--- PROVIDED INFORMATION ---

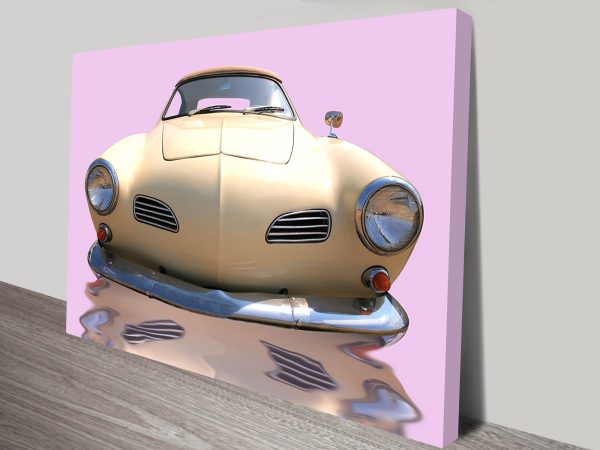 Vintage pink car canvas print, playful retro motoring wall art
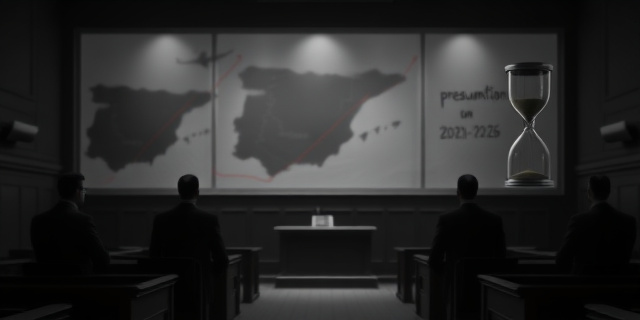 
  Una sala de juicios oscura y recargada, con un banquillo vacío pero rodeado de sombras alargadas que proyectan figuras de políticos en traje oscuro. Al fondo, un mural difuso muestra un mapa de España con líneas rojas conectando Moncloa, un aeropuerto y una maleta llena de billetes. La luz entra por una ventana empañada con la palabra 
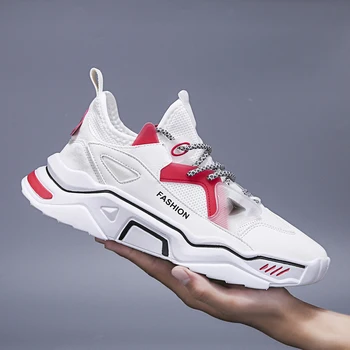 

2020 Summer Outdoor Men Shoes Casual Lace-up Chunky Sneakers Mesh Breathable Comfortable Fashion Ins Tide Sport Shoes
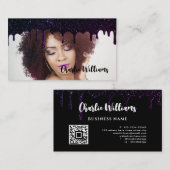 黒い滴下グリッターQRコード自分の画像を追加 名刺 (正面/裏面)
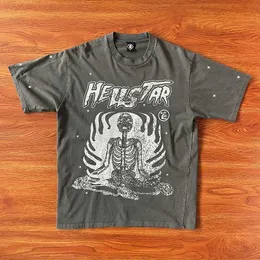 디자이너 패션 의류 힙합 티 Tshirts Hellstar Studios Rage Tee Skull Rapper Wath Water Grey Heavy Craft Male and Female T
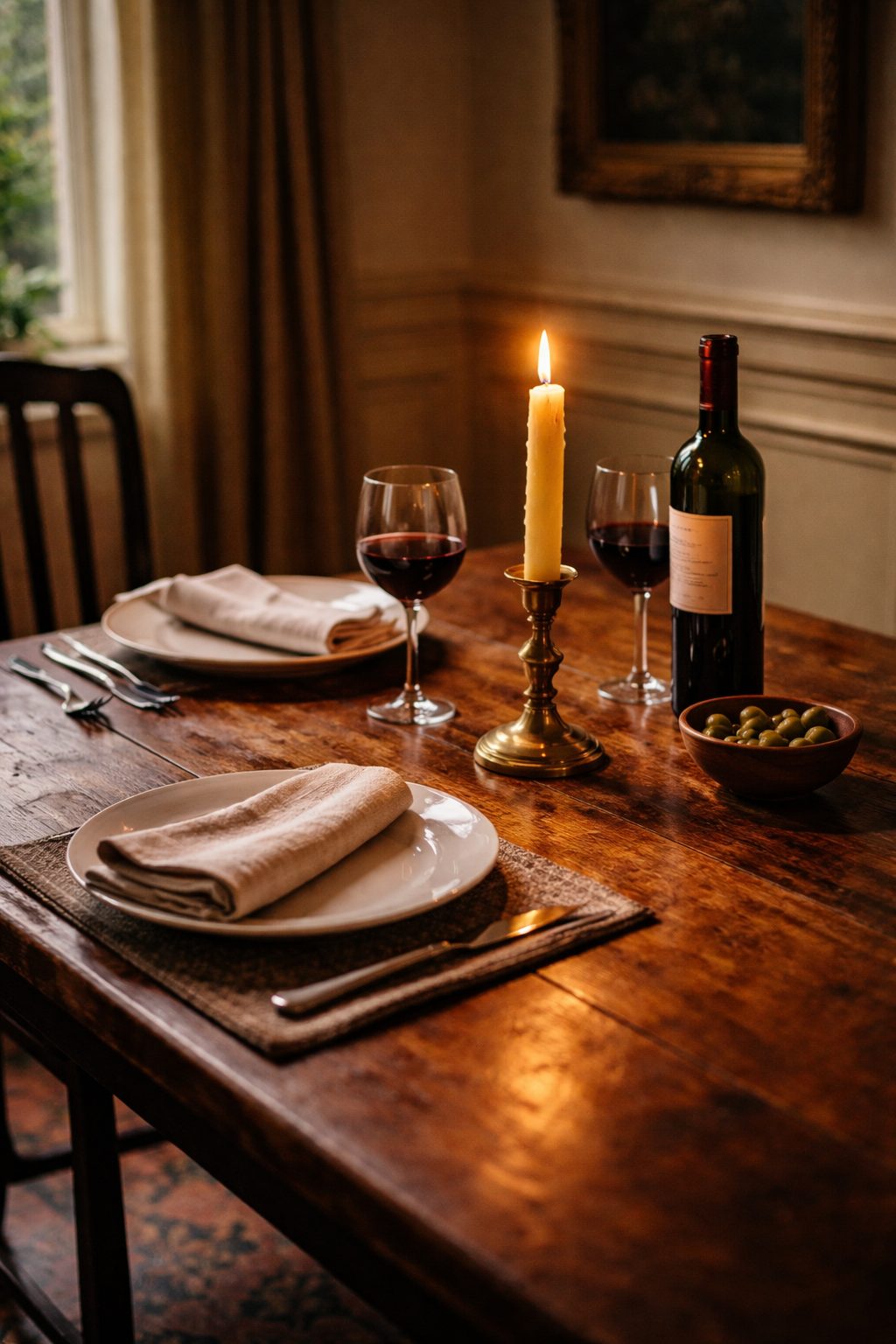 Elegant Table Setting for Two with candlelight on a worn walnut table set with plates wine and linen napkins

---

Above are the records; repeat them all exactly, without the pictures.

 Vintage pink car canvas print, playful retro motoring wall art
  Una sala de juicios oscura y recargada, con un banquillo vacío pero rodeado de sombras alargadas que proyectan figuras de políticos en traje oscuro. Al fondo, un mural difuso muestra un mapa de España con líneas rojas conectando Moncloa, un aeropuerto y una maleta llena de billetes. La luz entra por una ventana empañada con la palabra 

2020 Summer Outdoor Men Shoes Casual Lace-up Chunky Sneakers Mesh Breathable Comfortable Fashion Ins Tide Sport Shoes
 黒い滴下グリッターQRコード自分の画像を追加 名刺 (正面/裏面)
 디자이너 패션 의류 힙합 티 Tshirts Hellstar Studios Rage Tee Skull Rapper Wath Water Grey Heavy Craft Male and Female T
 Elegant Table Setting for Two with candlelight on a worn walnut table set with plates wine and linen napkins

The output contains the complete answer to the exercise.